* _What the exercise asks_:
Every line from the one with "Hip Thrust Machine, Hip" through the end of the material below, both ends included, should be transcribed exactly, without pictures.

* _Exercise data_:
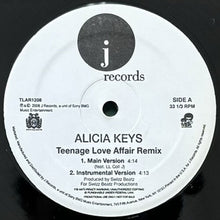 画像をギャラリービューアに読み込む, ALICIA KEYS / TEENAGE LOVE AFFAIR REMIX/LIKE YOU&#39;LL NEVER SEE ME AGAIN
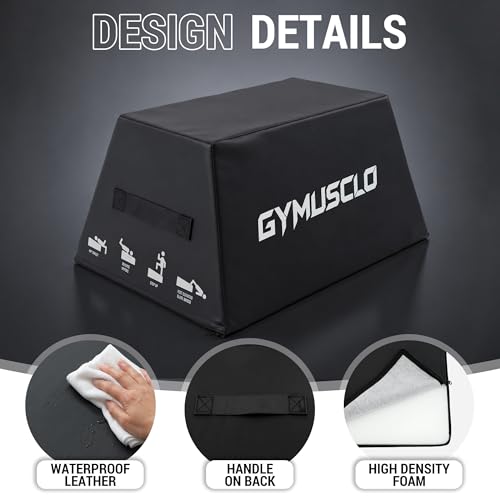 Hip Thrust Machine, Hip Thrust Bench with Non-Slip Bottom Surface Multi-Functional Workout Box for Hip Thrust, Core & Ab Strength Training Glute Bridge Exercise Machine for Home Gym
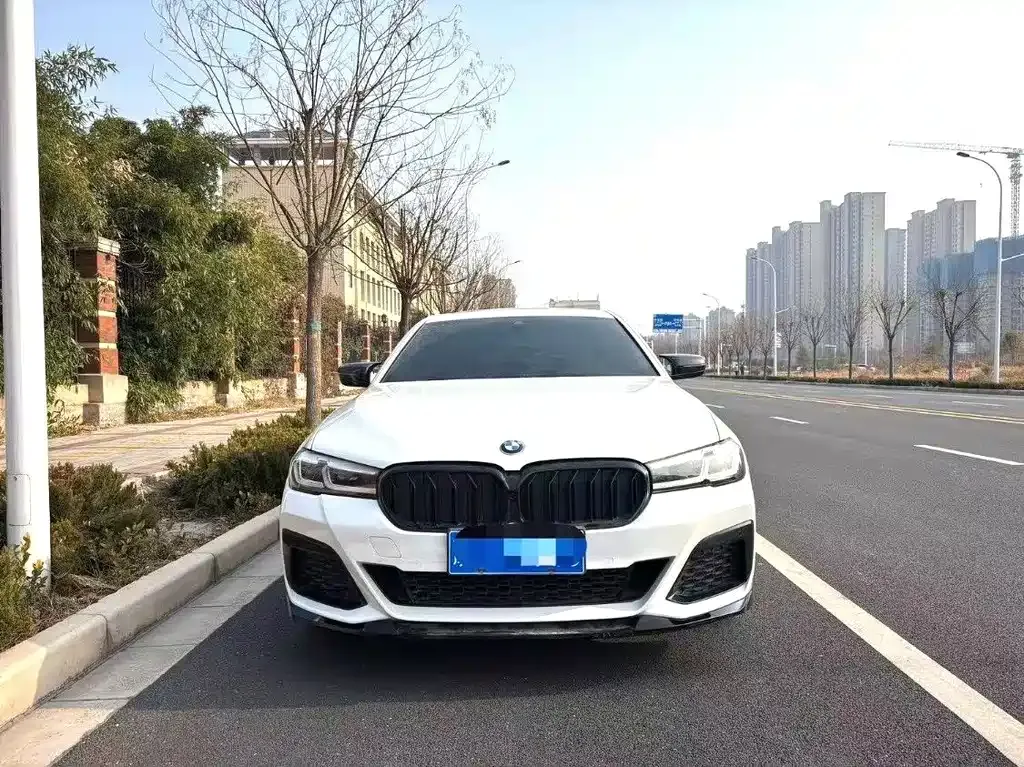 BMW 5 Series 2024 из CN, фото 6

* _Written response_:
 Hip Thrust Machine, Hip Thrust Bench with Non-Slip Bottom Surface Multi-Functional Workout Box for Hip Thrust, Core & Ab Strength Training Glute Bridge Exercise Machine for Home Gym
 BMW 5 Series 2024 из CN, фото 6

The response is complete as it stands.